Scenario #5c: Precision & Confidence (Bias for 3 Experts) • When there is moderate bias in a subset of “good” experts, and both imprecision and over-and under-confidence introduced to all • Likelihood rewards “best” expert significantly • Classical spreads weights across much more
Conclusions (1) • Overall: Likelihood and “Classical” similar performance (much better than equal weights), but with very different weights assigned to experts with different degrees of bias, precision and relative confidence • Model Check: Both assign equal weights to experts with equal skill (equal bias, precision, and relative confidence) • Bias: Both penalize biased experts, stronger penalty in Likelihood • Precision: Both penalize imprecise experts, but again stronger penalty in Likelihood • Confidence: “Classical” penalizes overconfidence and underconfidence equally. Likelihood penalizes overconfidence a similar amount, but underconfidence much more so.

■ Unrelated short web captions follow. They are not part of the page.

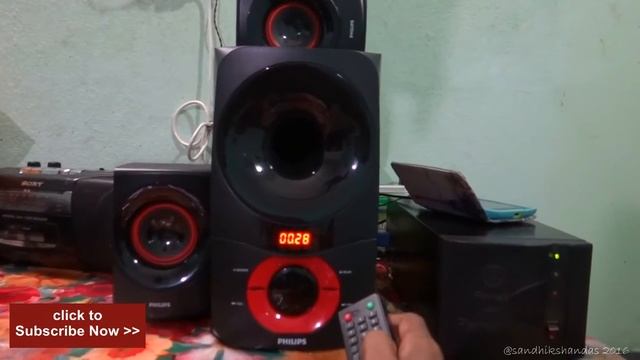 Philips mms 6060f thunder 2.1 home speaker Full sound test смотреть онлайн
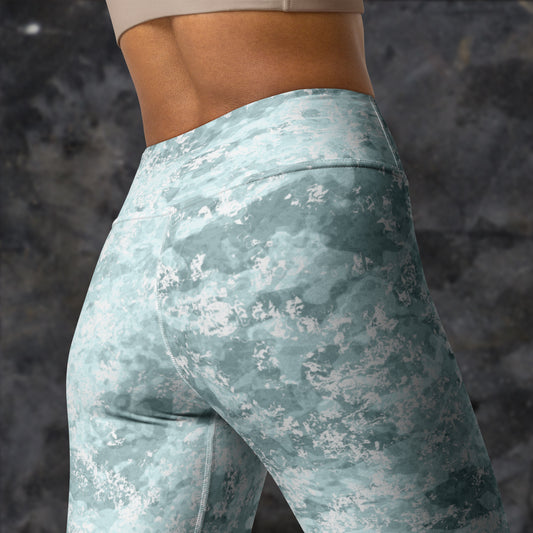 Ice blue Camo - Yoga Leggings. Activewear by Keplove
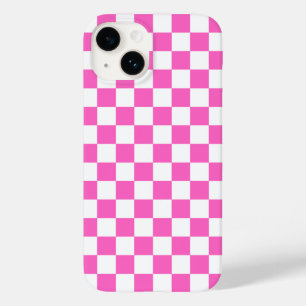Pink and white chequered classic iPhone / iPad cas Case-Mate iPhone 14 Case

Conclusions (2) • Precision & Confidence: For “Classical”, proper (or under-) confidence can compensate somewhat for imprecision, not so for the Likelihood weights (and over-confidence remains better for Likelihood weighting). • Future Direction: Consider 3-parameter distributions to be fit from expert’s 5th, 50th, and 95th percentile values to enable a more flexible Likelihood approach • Conduct an elicitation in which 2- and 3-parameter likelihood functions are used and compared. • Consider how new information affects experts' performance on seed questions (explore VOI for correcting experts' biases, imprecision, and under- or overconfidence).